> [DIRECTIONS FOR THIS TASK]: Give back every entry exactly as it is written, but not the pictures.

----------------------------------------

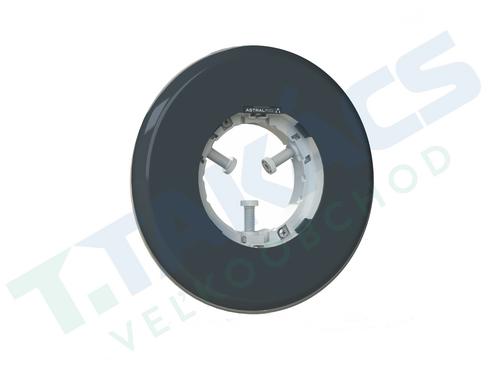 ASTRALPOOL rámik LumiPlus FlexiNiche , antracitová - ASTRALPOOL LED žiarovka LumiPlus Flexi V1 RGB Wireless + dialkový ovládač , 22 W , 1100 lm | T - TAKÁCS veľkoobchod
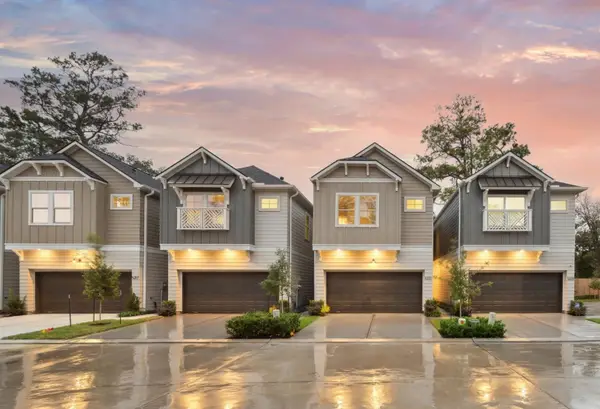 5216 Amber Sunrise Drive, Houston, TX 77018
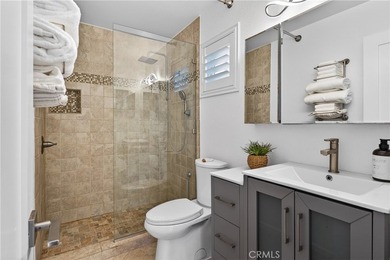 Golf course living with mountain views in Mission Lakes Country on Mission Lakes Country Club in California - for sale on GolfHomes.com, golf home, golf lot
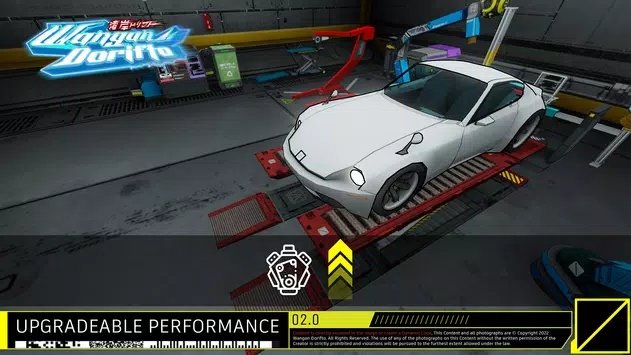 酷炫跑车漂移驾驶-图3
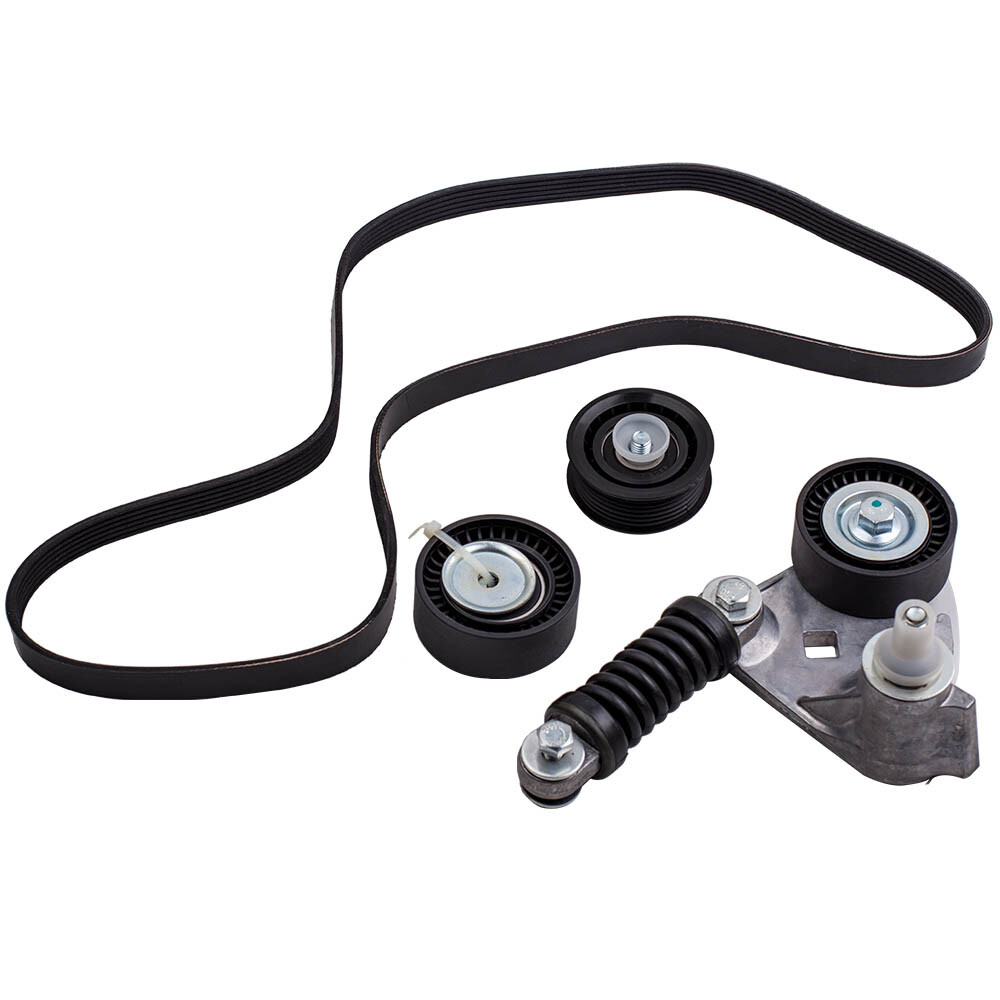 Alternator Fan Belt Tensioner For Ford Mondeo MK 3 2.0 Diesel 00-07 1C1Q6C301DA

----------------------------------------

> [PROBLEM SOLUTION]:
 ASTRALPOOL rámik LumiPlus FlexiNiche , antracitová - ASTRALPOOL LED žiarovka LumiPlus Flexi V1 RGB Wireless + dialkový ovládač , 22 W , 1100 lm | T - TAKÁCS veľkoobchod
 5216 Amber Sunrise Drive, Houston, TX 77018
 Golf course living with mountain views in Mission Lakes Country on Mission Lakes Country Club in California - for sale on GolfHomes.com, golf home, golf lot
 酷炫跑车漂移驾驶-图3
 Alternator Fan Belt Tensioner For Ford Mondeo MK 3 2.0 Diesel 00-07 1C1Q6C301DA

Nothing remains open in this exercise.